Sharing information outside of HMRC: disclosure for HMRC’s functions: disclosing anonymous information
Fully anonymised customer information (where there is no possibility of a third party correctly identifying the customer from the information disclosed) does not attract the criminal sanction for wrongful disclosure, and the act of disclosure is not subject to the Data Protection Act 1998 (see IDG40160) and the Human Rights Act (see IDG40140). This includes a person deducing the identity by putting the information disclosed by HMRC together with other information available to him/her.
Even where the information is fully anonymised, disclosure requires a valid legal basis. This basis can be for the purpose of HMRC’s functions.
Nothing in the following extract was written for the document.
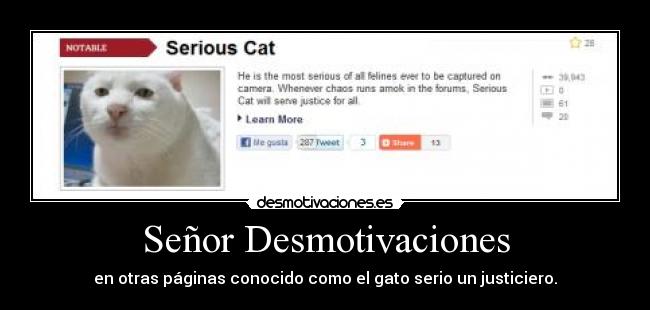 Señor Desmotivaciones - en otras páginas conocido como el gato serio un justiciero.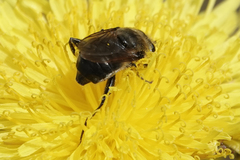 Arctosyrphus willingii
The methodology and factors to be taken into account to determine whether the functions basis can be relied upon is the same as set out at IDG40410.
HMRC publishes a range of aggregate, anonymised and other data that does not identify individual customers (for example, aggregate tax receipts) for the purposes of its functions. These publications increase public understanding of, and confidence in, the tax system and hence will increase the amount of tax collected. Examples are listed below:
Publishing statistics or guidance
In the course of their normal duties, HMRC officers will regularly disclose administrative information (for example, about HMRC processes) or information drawn from customer data, which has been sufficiently anonymised so that the identity of individuals cannot be deduced.
This includes material published on HMRC’s internet site, general guidance given in telephone conversations, policy issues discussed in meetings with representative bodies, and statistics included in annual reports or published as National Statistics. The identity of the customer cannot be deduced from the information and the disclosure supports the functions of HMRC.
Information may also be lawfully disclosed where it is necessary to include specific case details to carry out a function of HMRC but the customer identity can readily be anonymised. For example, referring to case studies in publicity and guidance material, or providing information to overseas authorities about trends in smuggling. It is important in such cases that the information provided is not sufficient to enable the identity of any customer(s) to be deduced.